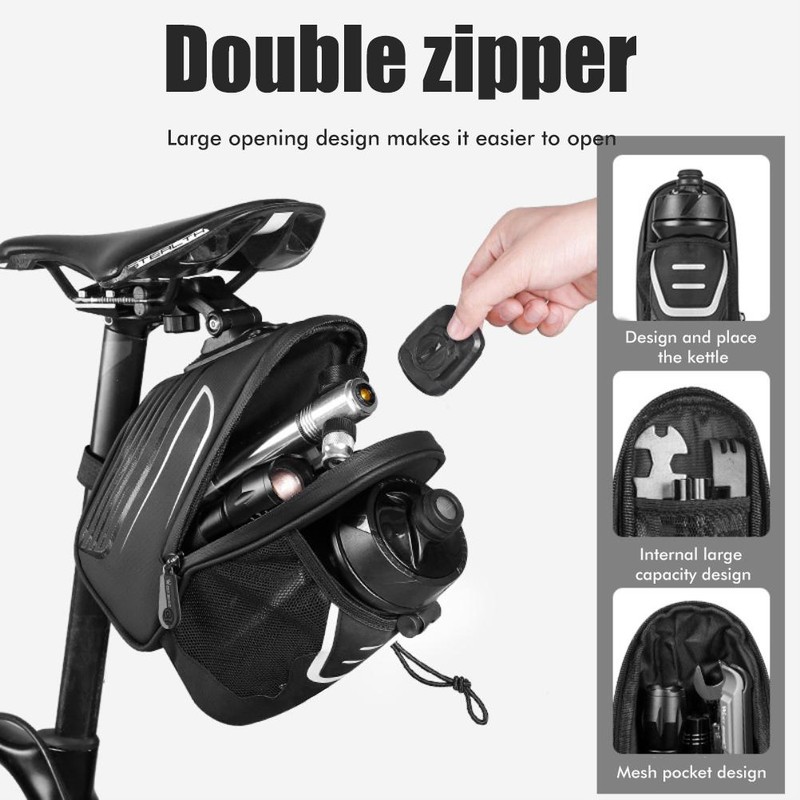 Bike Seat Bag Waterproof Reflective Saddle Bag with Water Bottle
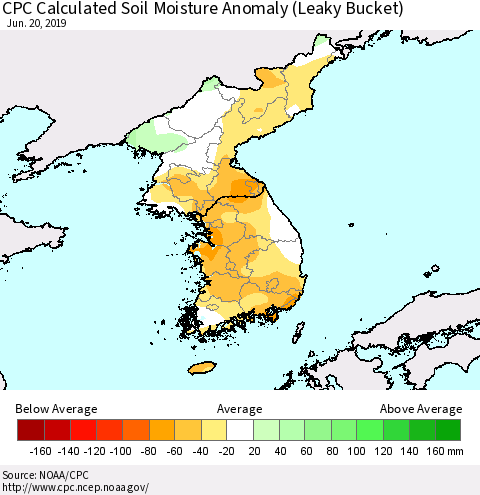 Korea CPC Soil Moisture Departure from Normal (Leaky Bucket) Thematic Map For 6/16/2019 - 6/20/2019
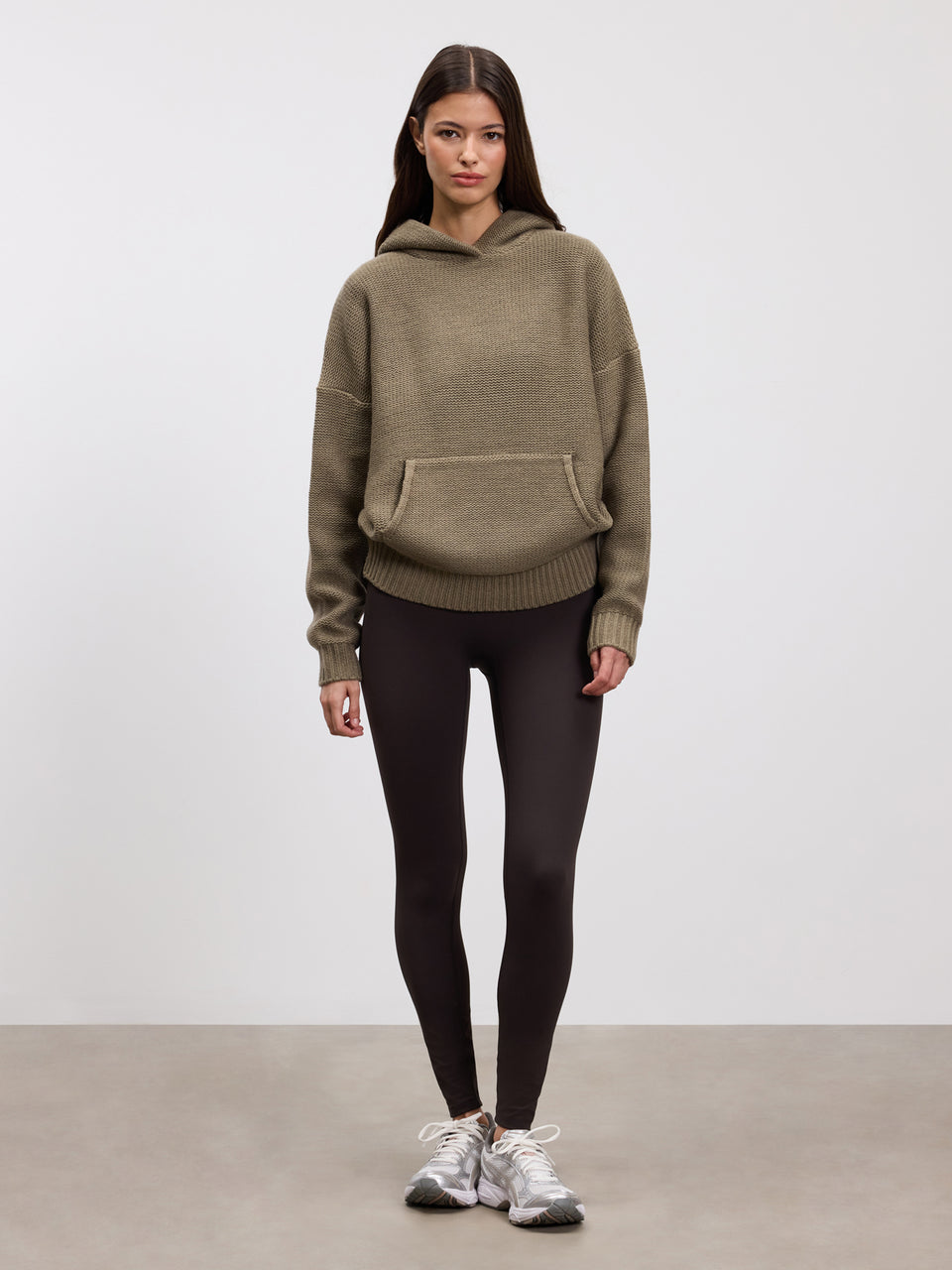 Womens Knitted Hoodie in Stone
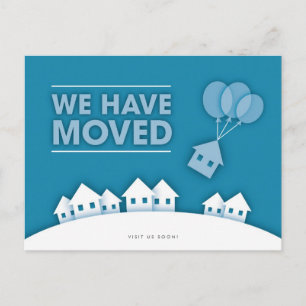 Cartão Postal De Anúncio Cartão-postal azul com casas brancas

--------------------------------------------------

- [What you need to do]: Exactly those lines that run from the line holding "Korea CPC Soil" to the end of the listing above, both included, are to be reproduced, with pictures left out.

- [Written solution]:
 Korea CPC Soil Moisture Departure from Normal (Leaky Bucket) Thematic Map For 6/16/2019 - 6/20/2019
 Womens Knitted Hoodie in Stone
 Cartão Postal De Anúncio Cartão-postal azul com casas brancas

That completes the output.